US Acts to ban home pesticide Dursban
WASHINGTON: The federal government on Thursday banned most home uses of the pesticide Dursban - the most widely used pesticide in the nation found in some 20 millionm homes - due to the neurological health risks including blurred vision and memory loss. The ban is part of an ongoing effort to implement the Food Quality Protection Act of 1996, which requires a systematic government review of all pesticides to ensure they meet tighter standards with the goal of protecting children foremost.
EPA administrator Carol Browner said the action followed a scientific review which showed health risks to children, who are more likely to come into contact with the pesticide at homes and schools and by eating foods like grapes and apples.
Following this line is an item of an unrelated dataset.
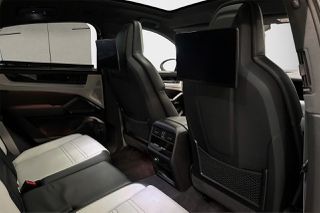 Porsche Cayenne 2024 GTS Coupe-thumb-13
"In terms of how best to go about protecting our children, this was the fastest possible way for us to get the kind of (swift) reduction in the manufacturing" of Dursban, Browner told reporters.
"We are getting a 10 millon pound recustion in the manufacturing of this pesticide by the end of this year."
EPA said blurred vision, muscle weakness, headaches and memory loss have been linked to exposure to larger amounts of Dursban leading to the restrictions announced on Thurday.
Browner said new, safer alternatives can replace Dursban.
Dursban kills pests
It is also a powerful weapon against termites and cockroaches, and is used in pet collars to kill ticks. The announcement by the EPA came in after an agreement was signed with the product's manufacturer, Dow AgroSciences and other makers of related products late in Wednesday.
The deal is part of an action against the chlorpyrifos class of chemicals, in which Dursban and Lorsban belong.
Browner said the agency decided to work out such an agreement instead of banning the product and ordering the immediate removal Dursban from store shelves - a legal and regulatory process which could have taken five to six years.
Dow says product is safe simply meeting regulations
"We ultimately felt that we had to reach an agreement with EPA for the use of these products in the US, but this does not change our conviction in the safety of chlorpyrifos for all labelled uses." said Ellen Miller, vice president of the Dow Agrosciences urban pest business.
The EPA ban will virtually eliminate home, lawn and garden uses by the end of the year and all termite-control uses in existing homes by the end of the year.